= Sue Akers =

British police officer

Susan Penelope Akers CBE QPM (born 1957) is a retired Deputy Assistant Commissioner of the British Metropolitan Police Service.

She joined the force in 1976 and was promoted by the Metropolitan Police Authority from the rank of Chief Superintendent to Commander in 2004. The posts she held also included Head of Organised Crime & Criminal Networks in the Specialist Crime Directorate.

She led Operation Weeting, a British police investigation into allegations of phone hacking in the News International phone hacking scandal, from January 2011. In July 2011, as the result of documents submitted to Operation Weeting, she took on the leadership of a related investigation, Operation Elveden. She led Operation Tuleta, a 2011–12 investigation into illegal access of private computers. Akers led police inquiries into the potential involvement of intelligence services in relation to detainees held abroad.

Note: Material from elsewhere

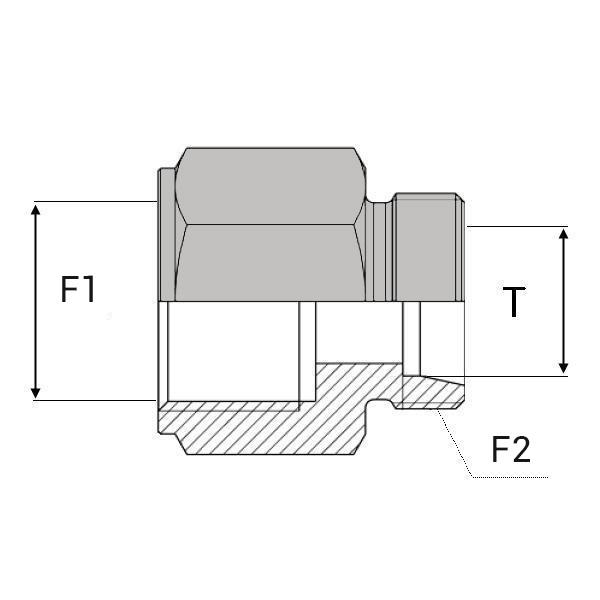 Adaptateur droit mâle agricole 18 x 1,5 X mâle 24° série gaz - FAV18 / EMG13 NE - RFAEM01813_0
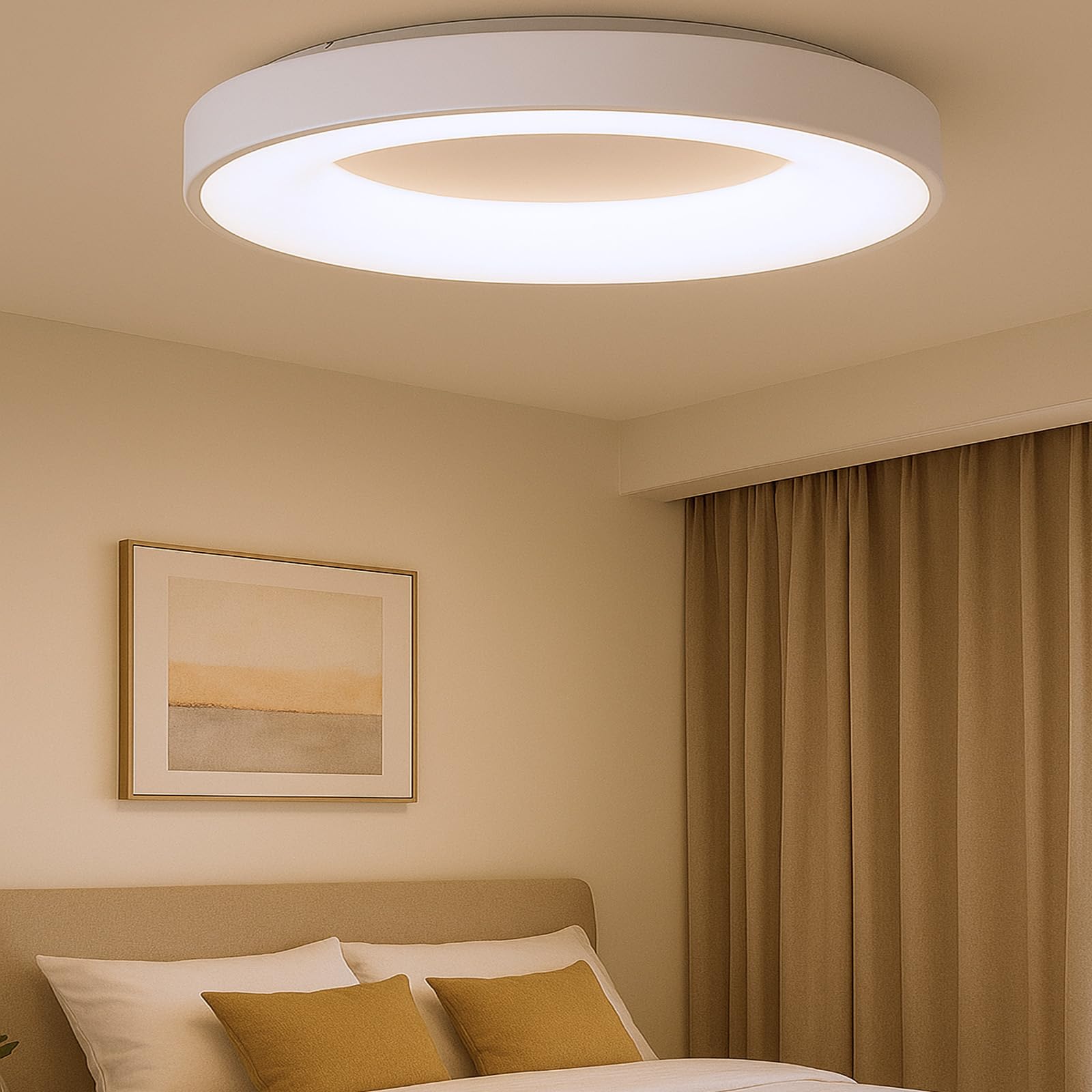 Alpinaluz Plafón LED Techo Ø50 cm 40W 5000lm en Acero Blanco Mate – Selector de Color CCT 3000K/4000K/6000K – Luz Blanca Regulable – Diseño Moderno para Salón, Dormitorio, Cocina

Akers retired at the end of 2012.

She was awarded the Queen's Police Medal in 2007 and was appointed Commander of the Order of the British Empire (CBE) in the 2013 Birthday Honours for services to policing.

Akers' role as a private investigator in the case of alleged rape of a schoolgirl in 2016 has been questioned. Employed by the family of the child, it was reported in The Daily Telegraph that Akers was "said to have had a number of meetings with serving officers about the case and tried to tell officers how to conduct the case. William Clegg QC, defending, also said she had asked to have access to court papers. The officer leading the investigation [...] agreed that it was 'unique' for a former Deputy Assistant Commissioner to be involved in that way."

She is played by Rebecca Front in the 2025 ITV drama about the News International phone hacking scandal, The Hack.